START Raw data

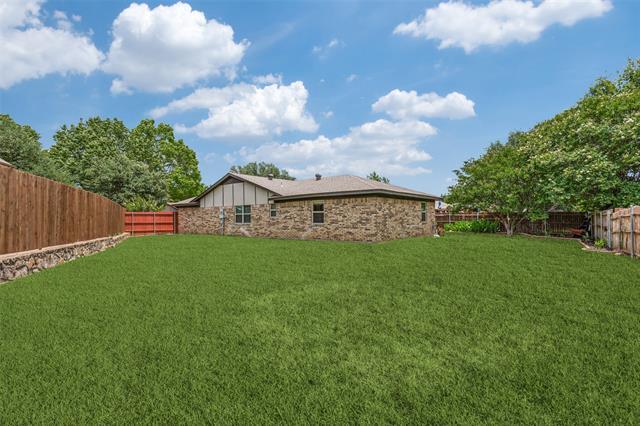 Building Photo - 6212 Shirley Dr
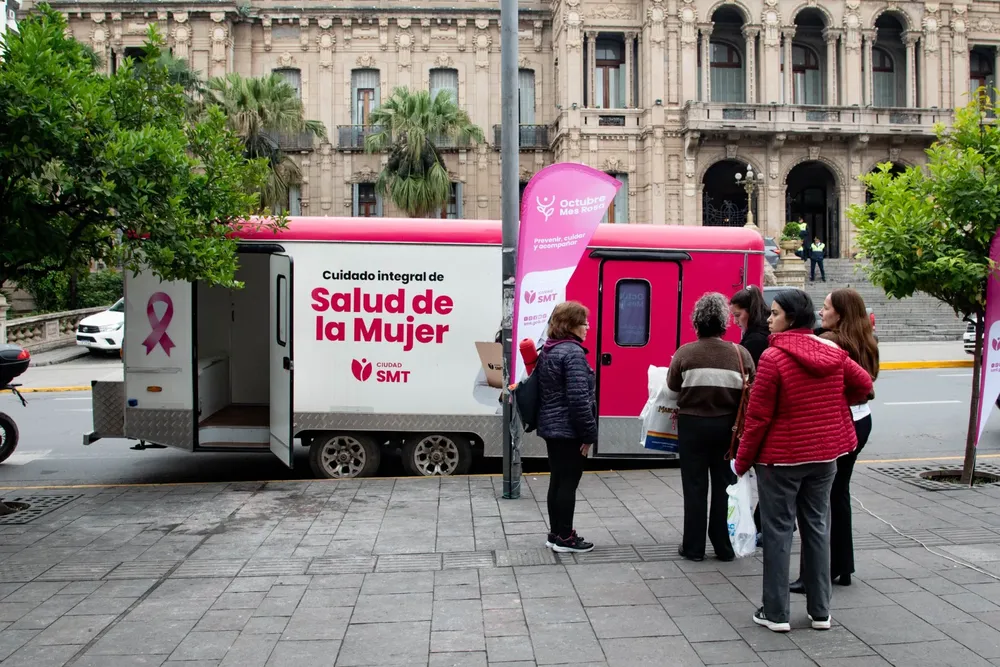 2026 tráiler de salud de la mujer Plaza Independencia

END Raw data
START Raw data

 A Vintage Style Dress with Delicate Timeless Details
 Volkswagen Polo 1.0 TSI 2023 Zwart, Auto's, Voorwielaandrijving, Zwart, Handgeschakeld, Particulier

END Raw data

Starting with the line with "A Vintage Style" above and going on through the line with "Volkswagen Polo 1.0", transcribe every line exactly, both ends included, and add nothing.

 A Vintage Style Dress with Delicate Timeless Details
 Volkswagen Polo 1.0 TSI 2023 Zwart, Auto's, Voorwielaandrijving, Zwart, Handgeschakeld, Particulier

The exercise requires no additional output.